* Work instructions
Keep each line of the material that includes "with", and leave out the rest.

* Dataset
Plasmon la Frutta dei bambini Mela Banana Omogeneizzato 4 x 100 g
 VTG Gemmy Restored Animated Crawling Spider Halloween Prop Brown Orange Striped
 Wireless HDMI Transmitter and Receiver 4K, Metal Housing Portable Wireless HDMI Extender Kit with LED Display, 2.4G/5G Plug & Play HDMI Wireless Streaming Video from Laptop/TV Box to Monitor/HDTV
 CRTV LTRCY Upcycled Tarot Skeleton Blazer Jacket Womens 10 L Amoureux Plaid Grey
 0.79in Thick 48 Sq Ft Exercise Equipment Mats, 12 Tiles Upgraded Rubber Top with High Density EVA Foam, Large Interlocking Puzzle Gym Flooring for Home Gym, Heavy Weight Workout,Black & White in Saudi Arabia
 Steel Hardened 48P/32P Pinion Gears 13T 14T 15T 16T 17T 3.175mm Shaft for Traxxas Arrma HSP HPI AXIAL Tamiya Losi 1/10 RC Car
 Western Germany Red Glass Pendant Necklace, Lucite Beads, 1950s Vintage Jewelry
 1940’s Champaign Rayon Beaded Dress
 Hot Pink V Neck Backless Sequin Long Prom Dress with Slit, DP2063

* Response for this exercise
 Wireless HDMI Transmitter and Receiver 4K, Metal Housing Portable Wireless HDMI Extender Kit with LED Display, 2.4G/5G Plug & Play HDMI Wireless Streaming Video from Laptop/TV Box to Monitor/HDTV
 0.79in Thick 48 Sq Ft Exercise Equipment Mats, 12 Tiles Upgraded Rubber Top with High Density EVA Foam, Large Interlocking Puzzle Gym Flooring for Home Gym, Heavy Weight Workout,Black & White in Saudi Arabia
 Hot Pink V Neck Backless Sequin Long Prom Dress with Slit, DP2063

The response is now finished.